KANSAS CITY, Mo. — In all likelihood, James Shields is in the middle of his final months as a member of the Royals starting rotation. Just one game on today, an All-Star break, and half a season to go.

This is the way baseball works, of course. Shields will be a free agent in the offseason. He will likely command nine figures in salary. For a team like the Royals, in a market like this, that's one too many zeros.

This is context, of course, for what happened Saturday night at Kauffman Stadium. Shields worked seven innings, threw a season-high 121 pitches, and generally looked like the workhorse ace he's been since he arrived in Kansas City in a blockbuster deal before the 2013 season.

The Royals lost anyway, falling 5-1 to Detroit in front of a crowd of 33,849 on a hot and muggy night. It was the Royals' third straight loss. The offense was dysfunctional again. They are now just one game over .500 at 47-46. And, yes, they are now 7 1/2 games behind the AL Central-leading Tigers, 53-37.

"We're not producing runs," Royals manager Ned Yost said.

Designated hitter Billy Butler added: "It's just kind of like the common theme right now."

You might know, of course, that the Royals are 0-6 against Detroit at home this season. And that they close out the season's first half Sunday with a date against former Cy Young winner Justin Verlander. But for a moment, let's get back to the Royals' ace.

Shields' 121 pitches included just 12 during a rather dominant seventh inning, keeping the Royals in a one-run game. He also returned to victim status in a rather unsavory trend: For the ninth time in the last two years, Shields picked up a loss when giving up three earned runs or fewer.

So it goes.

"We swept them at their place, and they're doing a good job at our place," Shields said. "It's just baseball, dude."

Detroit starter Rick Porcello allowed just one run while scattering six hits in seven innings. The Royals' offense left six runners on base. The hammer came when reliever Aaron Crow yielded three runs in the ninth on a solo homer by J.D. Martinez and a two-run blast from Alex Avila.

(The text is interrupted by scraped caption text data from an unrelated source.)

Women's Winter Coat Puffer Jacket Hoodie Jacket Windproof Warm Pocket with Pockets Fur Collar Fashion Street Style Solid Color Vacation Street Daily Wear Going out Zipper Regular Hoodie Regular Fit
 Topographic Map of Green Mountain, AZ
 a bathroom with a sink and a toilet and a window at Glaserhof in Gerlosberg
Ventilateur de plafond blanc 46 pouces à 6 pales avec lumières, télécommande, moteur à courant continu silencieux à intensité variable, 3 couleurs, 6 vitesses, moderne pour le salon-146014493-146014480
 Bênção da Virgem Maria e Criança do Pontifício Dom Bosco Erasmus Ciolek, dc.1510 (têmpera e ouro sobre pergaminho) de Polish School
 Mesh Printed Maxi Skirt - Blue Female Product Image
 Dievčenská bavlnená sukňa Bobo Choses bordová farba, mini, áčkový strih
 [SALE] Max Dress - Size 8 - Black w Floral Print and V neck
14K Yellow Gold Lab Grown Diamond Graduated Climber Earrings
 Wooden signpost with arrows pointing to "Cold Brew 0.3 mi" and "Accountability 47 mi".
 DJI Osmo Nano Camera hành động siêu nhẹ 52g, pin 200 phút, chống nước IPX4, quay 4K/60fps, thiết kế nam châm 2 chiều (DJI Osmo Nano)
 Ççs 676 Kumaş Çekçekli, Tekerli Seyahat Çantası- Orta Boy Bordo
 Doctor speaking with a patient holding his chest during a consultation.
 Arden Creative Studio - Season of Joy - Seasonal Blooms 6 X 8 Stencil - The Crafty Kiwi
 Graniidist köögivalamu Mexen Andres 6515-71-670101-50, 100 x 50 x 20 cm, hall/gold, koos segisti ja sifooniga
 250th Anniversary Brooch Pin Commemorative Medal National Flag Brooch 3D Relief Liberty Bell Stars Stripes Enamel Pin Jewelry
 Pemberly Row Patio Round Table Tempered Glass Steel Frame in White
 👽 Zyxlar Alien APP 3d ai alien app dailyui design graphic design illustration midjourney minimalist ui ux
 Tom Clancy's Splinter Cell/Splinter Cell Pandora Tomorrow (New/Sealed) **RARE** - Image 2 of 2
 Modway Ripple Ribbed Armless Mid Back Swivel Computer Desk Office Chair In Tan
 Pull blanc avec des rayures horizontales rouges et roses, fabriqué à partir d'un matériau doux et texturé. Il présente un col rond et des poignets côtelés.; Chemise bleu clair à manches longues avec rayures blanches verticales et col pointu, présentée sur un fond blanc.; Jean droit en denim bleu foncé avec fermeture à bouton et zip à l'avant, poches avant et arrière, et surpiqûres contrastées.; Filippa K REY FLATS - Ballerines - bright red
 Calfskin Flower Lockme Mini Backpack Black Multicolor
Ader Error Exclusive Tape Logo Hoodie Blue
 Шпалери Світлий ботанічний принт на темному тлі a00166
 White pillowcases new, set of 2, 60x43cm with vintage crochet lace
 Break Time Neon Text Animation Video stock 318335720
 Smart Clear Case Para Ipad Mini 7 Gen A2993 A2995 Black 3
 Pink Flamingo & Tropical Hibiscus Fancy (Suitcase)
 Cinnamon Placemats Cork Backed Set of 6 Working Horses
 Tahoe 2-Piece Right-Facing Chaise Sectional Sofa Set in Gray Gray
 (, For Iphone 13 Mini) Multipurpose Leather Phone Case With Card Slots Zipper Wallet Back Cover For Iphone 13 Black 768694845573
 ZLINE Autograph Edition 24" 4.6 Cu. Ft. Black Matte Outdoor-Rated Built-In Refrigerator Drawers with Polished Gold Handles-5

Now the Royals will recharge and face Verlander in the series finale, trying to salvage something -- anything -- as the All-Star break looms.

"We want to get in the playoffs," said Butler, who was two for three with a sacrifice fly and a double. "We'd love to win the division -- don't get me wrong. That's our main goal. But we're still right in the thick of stuff."

For now, other problems persist. Alex Gordon is recovering from a wrist injury. The offense appears poised to return to its early-season hibernation.

"I could sit here and I could probably reel off five or six reasons why," Yost said. "But this is the big leagues. The bottom line is you're either getting it done or you're not getting it done, and we're not getting it done."

So it goes. One night after going one for 11 with runners in scoring position, the Royals' offense stayed stuck in neutral. Here was one sample: In the bottom of the fifth, Butler splashed a double off the left-field foul line, Mike Moustakas walked and Noki Aoki loaded the bases with a two-out walk.

That brought Lorenzo Cain to the plate -- the same Cain who entered the night hitting a team-leading .313 and displayed his Gold Glove form while crashing into the wall in the top of the first. Moments later, Cain went down swinging against Porcello. Here it was, a disappointing offense mired in another dead spot.

"This is a big series for us going into the break," Porcello said. "We were definitely looking to at least create some space."

The Royals finally touched home plate in the bottom of the sixth, cutting the Tigers' lead to 2-1 on a sacrifice fly from Butler. The rally began with back-to-back singles from Salvador Perez and Omar Infante, and when Butler lined the ball to medium depth in center, Perez didn't hesitate. He scored easily.

The Tigers nicked Shields for one run in the top of the third, when center fielder Austin Jackson continued his weekend-long evisceration of Royals pitching. Jackson, who entered the night with four hits in the series, cracked a double to deep right-center and scored on an RBI single by Ian Kinsler.

Detroit tacked on another run in the top of the fourth. Longtime Royal killer Torii Hunter bludgeoned a ball over the head of center fielder Jarrod Dyson, and after a solid relay throw from shortstop Alcides Escobar, Moustakas was slow to apply the tag as Hunter slid in safely with a one-out triple.

Shields rebounded by striking out Nick Castellanos before Avila drove in Hunter with a two-out single.

Back to the clubhouse in the moments after the game. One year ago, Shields watched as the Royals lost five straight heading into the All-Star break. That team rebounded and won 86 games.

So for a second, Shields smiled. His team had lost three straight. The All-Star break beckoned. No sweat.

"Maybe we should lose five," Shields said, "considering what we did after the break last year."